How have the members of your team worked together previously?

We have a successful history along the integration continuum and we will continue to include broad health and non-health sector (including municipalities, police, housing, fire etc.) partners to ensure the OHT addresses the comprehensive needs of ALL of our residents. A key example of how we have previously worked in a formal capacity to advance integrated care, shared accountability, value-based healthcare and population health is the spread of existing resources to 11 independent family practices serving 23,000 patients to ensure all local residents have access to interdisciplinary team-based primary care.
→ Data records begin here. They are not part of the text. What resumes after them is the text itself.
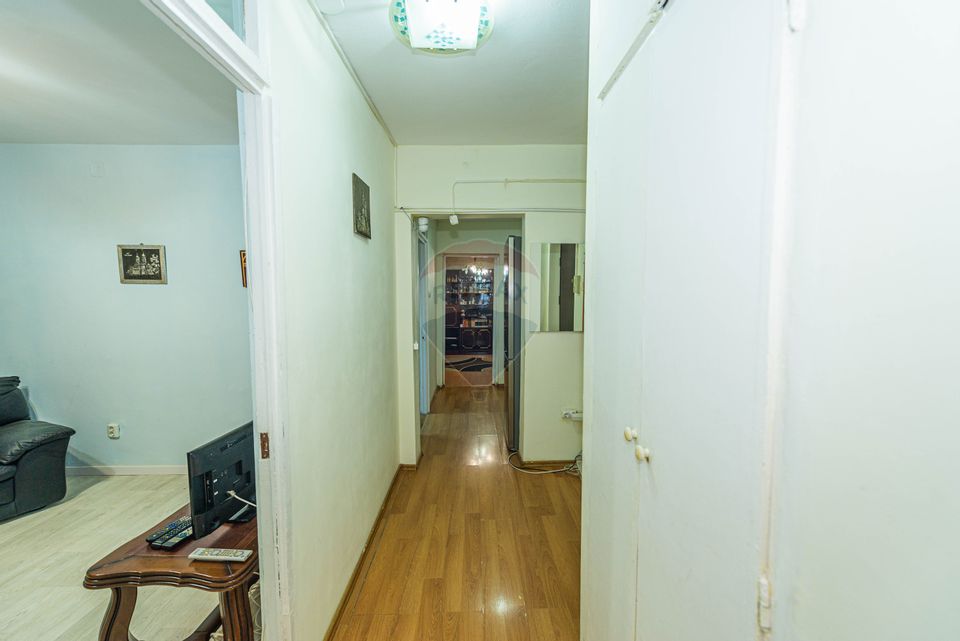 4-room apartment, for sale, 2nd floor, near Crangasi metro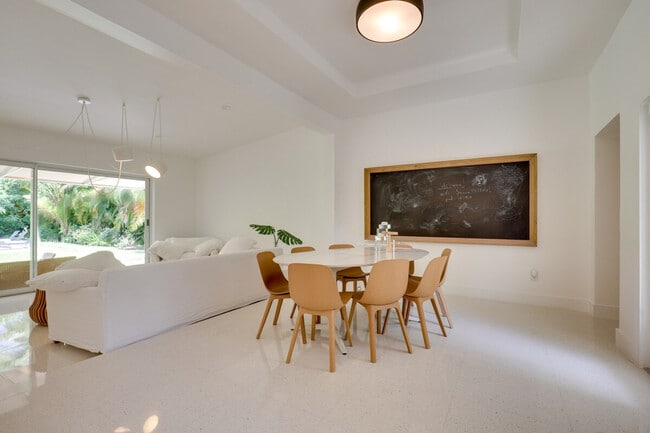 Photo - 12020 NE 5th Ave Unidad ID1307477P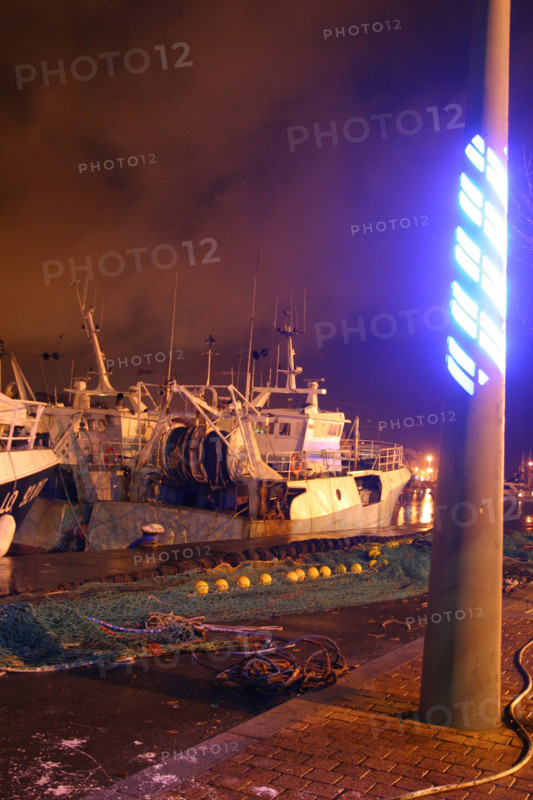 France, Basse Normandie, Manche, Cotentin, Cherbourg, bassin du commerce, nuit, chalutier a quai, lumieres de la ville, eclairage de Yann Kersale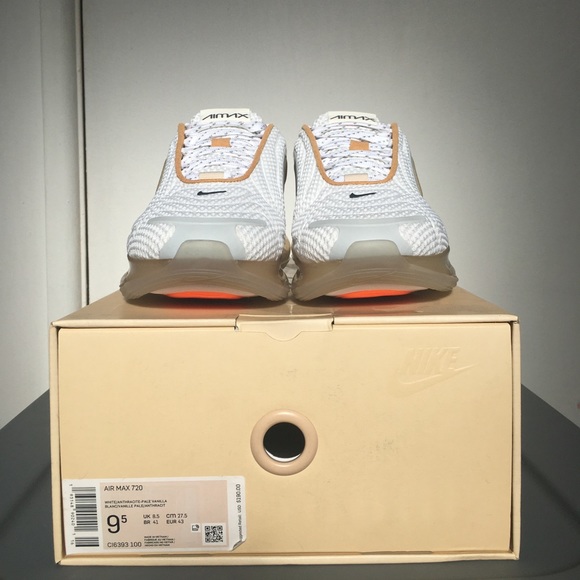 *Brand New* Nike AirMax 720s (Pale Vanilla) - Picture 3 of 8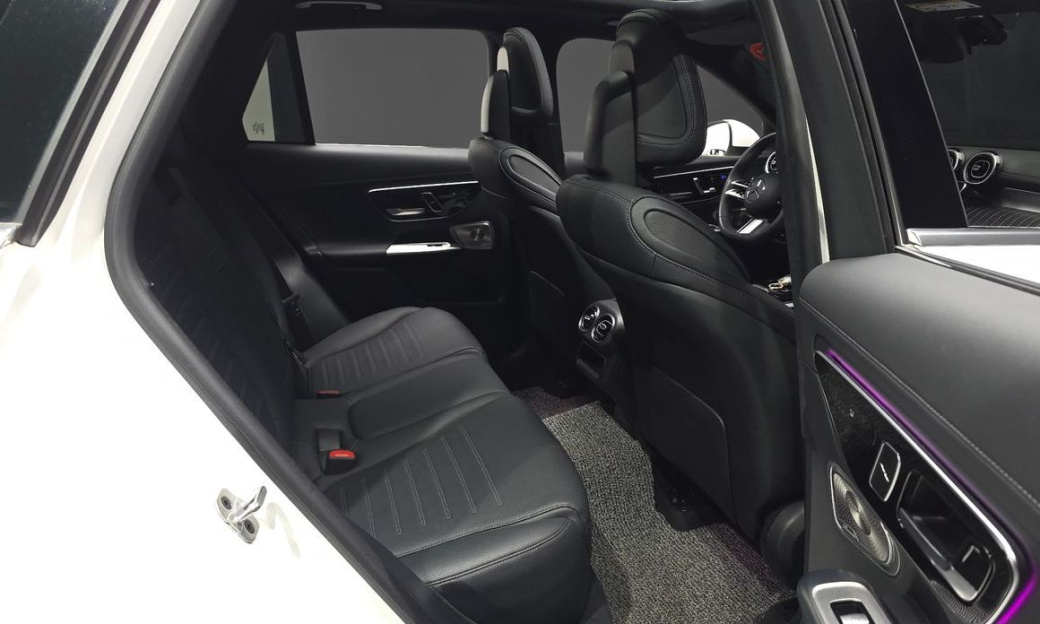 Mercedes-Benz GLC-Class GLC300 4MATIC AMG Line, 2024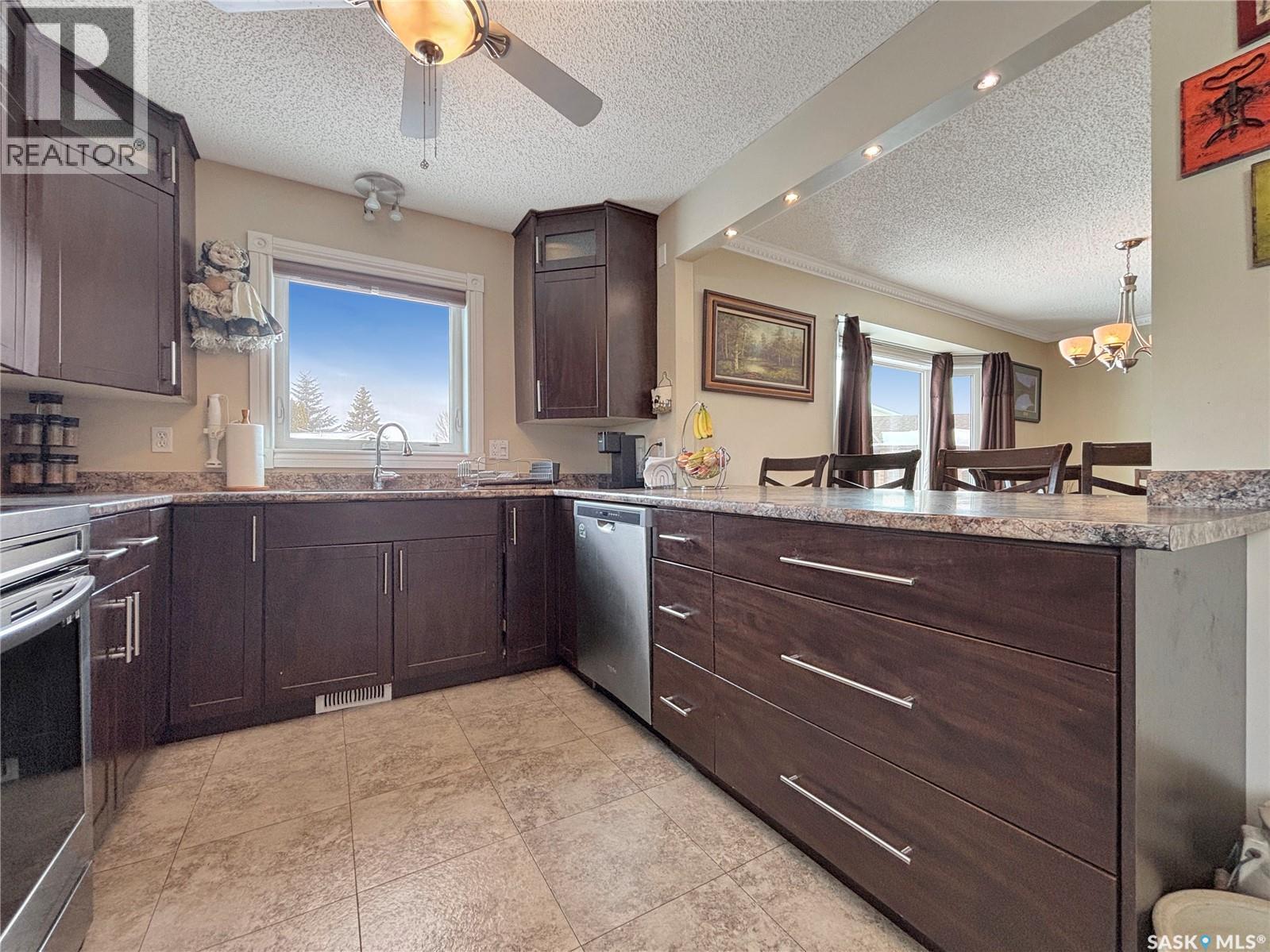 247 Stacey Crescent, Saskatoon, SK - Indoor Photo Showing Kitchen With Upgraded Kitchen
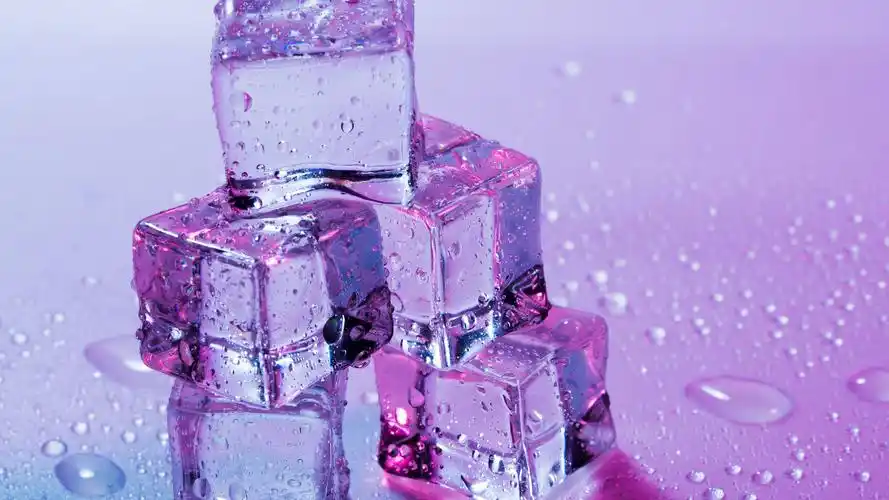 的冰块 > || 更新时间:2018-08-10 颜色分 青色 关键词:  唯美图片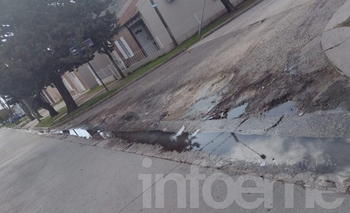 Reclaman por un bache en Avenida Sarmiento y Piedras Imagen de la nota: Reclaman por un bache en Avenida Sarmiento y Piedras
Guelph was the first community to begin work on the Health Links (HL) program. We laid a strong foundation by working together on various projects to support complex clients, including joint steering committees, sharing of staff resources across sites and collaborative funding models.  Contributing organizations include Guelph FHT, Homewood, CMHAWW, Primary Care Psychiatry, and Guelph CHC.  This provides evidence of Guelph organizations not only working together to support best care practices, but their commitment to the identification of patients with complex health needs to ensure optimal and proactive patient care.  Since 2013, Guelph HL has identified and created a coordinated care plan (CCP) for over 2,300 our most vulnerable citizens. With primary care as the central point of access, HL Members have coordinated care plans involving primary care, H&CC, MH&A and are supported to address challenges related to housing, food security, community safety and isolation etc. This model of integrated service serves as a strong foundation for the G&A OHT. 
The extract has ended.